Não obstante, desde o início se evidenciaram duas posturas divergentes. Uma propunha uma espécie de anarquismo político e existencial (no sentido desconstrutivo de qualquer instância disciplinar que afetasse o sujeito) e enfatizava a necessidade de diferenciar a luta homossexual e a luta de classes. A outra correspondia àqueles gays e lésbicas, geralmente com dupla militância (partidária de esquerda e no grupo homossexual), de filiação claramente marxista e que aspiravam encaixar todas as lutas particulares dentro da luta maior. As duas tendências principais marcariam a curta existência do SOMOS e também sua dissolução pela falta de uma relativa configuração hegemônica de qualquer uma delas.
Ruptura
Um dos temas que mais acendeu a polêmica foi a proposta de participação nos atos do 1º de Maio, apoiando a greve metalúrgica do ABC (municípios industriais da região metropolitana de São Paulo), sustentada pelas linhas de esquerda e pelo subgrupo lésbico-feminista que já se havia formado dentro da organização (e que tinha se comprometido a comparecer pelo Movimento Feminista). Derrotada a moção, o grupo dissidente decidiu participar do protesto com cartazes que diziam “Comissão de homossexuais pró 1º de Maio”. Surpreendentemente, os gays e as lésbicas que participaram do ato operário obtiveram uma vitória política ao entrar no estádio de São Bernardo do Campo e ser aplaudidos pelos grevistas. Isso, entre outras questões, motivaria a divisão definitiva do SOMOS.

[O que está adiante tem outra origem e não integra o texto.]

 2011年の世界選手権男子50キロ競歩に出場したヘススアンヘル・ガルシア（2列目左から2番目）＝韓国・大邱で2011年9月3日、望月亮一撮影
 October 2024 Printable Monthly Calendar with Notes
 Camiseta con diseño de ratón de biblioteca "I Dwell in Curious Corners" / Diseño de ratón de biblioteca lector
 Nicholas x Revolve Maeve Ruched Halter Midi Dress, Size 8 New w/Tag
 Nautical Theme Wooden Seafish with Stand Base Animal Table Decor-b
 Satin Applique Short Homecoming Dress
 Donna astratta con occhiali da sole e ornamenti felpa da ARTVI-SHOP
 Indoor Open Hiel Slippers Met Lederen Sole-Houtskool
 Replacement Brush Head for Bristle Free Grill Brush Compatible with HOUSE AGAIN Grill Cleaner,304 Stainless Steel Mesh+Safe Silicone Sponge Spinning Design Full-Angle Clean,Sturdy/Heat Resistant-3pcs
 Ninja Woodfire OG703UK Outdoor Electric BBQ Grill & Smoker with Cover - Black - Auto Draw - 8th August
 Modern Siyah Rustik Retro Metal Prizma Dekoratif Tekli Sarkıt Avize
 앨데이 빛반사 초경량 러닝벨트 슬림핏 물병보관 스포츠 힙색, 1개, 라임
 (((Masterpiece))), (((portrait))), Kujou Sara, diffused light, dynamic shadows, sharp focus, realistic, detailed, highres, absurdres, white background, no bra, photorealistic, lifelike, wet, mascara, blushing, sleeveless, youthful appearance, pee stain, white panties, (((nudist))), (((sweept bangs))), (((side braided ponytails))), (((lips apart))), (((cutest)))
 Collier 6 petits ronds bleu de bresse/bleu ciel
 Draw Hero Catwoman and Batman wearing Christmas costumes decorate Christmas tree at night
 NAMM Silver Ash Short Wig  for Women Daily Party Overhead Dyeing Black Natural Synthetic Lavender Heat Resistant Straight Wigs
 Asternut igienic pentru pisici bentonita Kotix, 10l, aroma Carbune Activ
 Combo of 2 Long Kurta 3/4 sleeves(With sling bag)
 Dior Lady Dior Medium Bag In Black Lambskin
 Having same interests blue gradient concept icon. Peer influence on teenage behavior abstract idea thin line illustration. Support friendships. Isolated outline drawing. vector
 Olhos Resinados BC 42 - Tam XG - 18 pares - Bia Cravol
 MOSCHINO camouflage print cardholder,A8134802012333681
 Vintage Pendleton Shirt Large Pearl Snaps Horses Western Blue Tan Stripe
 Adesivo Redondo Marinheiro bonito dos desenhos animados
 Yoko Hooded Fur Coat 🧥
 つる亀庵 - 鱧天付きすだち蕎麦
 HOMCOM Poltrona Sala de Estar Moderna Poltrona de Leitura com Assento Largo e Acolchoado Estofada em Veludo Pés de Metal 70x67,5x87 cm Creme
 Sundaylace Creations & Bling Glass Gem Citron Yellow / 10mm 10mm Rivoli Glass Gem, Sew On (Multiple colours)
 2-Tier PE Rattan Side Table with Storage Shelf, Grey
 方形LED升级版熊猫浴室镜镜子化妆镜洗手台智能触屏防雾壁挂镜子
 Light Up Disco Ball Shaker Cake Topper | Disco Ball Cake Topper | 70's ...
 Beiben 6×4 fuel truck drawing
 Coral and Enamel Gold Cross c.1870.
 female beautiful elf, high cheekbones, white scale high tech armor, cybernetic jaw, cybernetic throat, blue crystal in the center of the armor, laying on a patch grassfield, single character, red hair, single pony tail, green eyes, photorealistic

Apesar da fratura, as duas alas novamente se uniram para promover uma campanha contra o delegado Wilson Richetti, que havia desencadeado violentas batidas policiais no centro de São Paulo, conhecidas como Operação Limpeza. Reagiram contra essa política não apenas os homossexuais, mas também os grupos feministas, o Movimento Negro Unificado, alguns jornais como O Trabalho e Em Tempo, certos deputados e algumas personalidades públicas, como a atriz Ruth Escobar e o artista Darcy Penteado. Como forma de protesto, decidiu-se fazer um ato público diante do Teatro Municipal. Um alegre e descontraído grupo majoritariamente composto de gays e lésbicas desfilou sem maiores inconvenientes pela avenida São João, passando pela praça Júlio Mesquita e recebendo a adesão de numerosas prostitutas para logo tomar a direção do largo do Arouche, eixo do gueto gay paulista.
Esse fato constituiu, na verdade, a primeira Marcha do Orgulho do movimento homossexual no Brasil, afirmando a visibilidade e a definitiva inserção da questão dos direitos da diversidade sexual no campo do discurso público.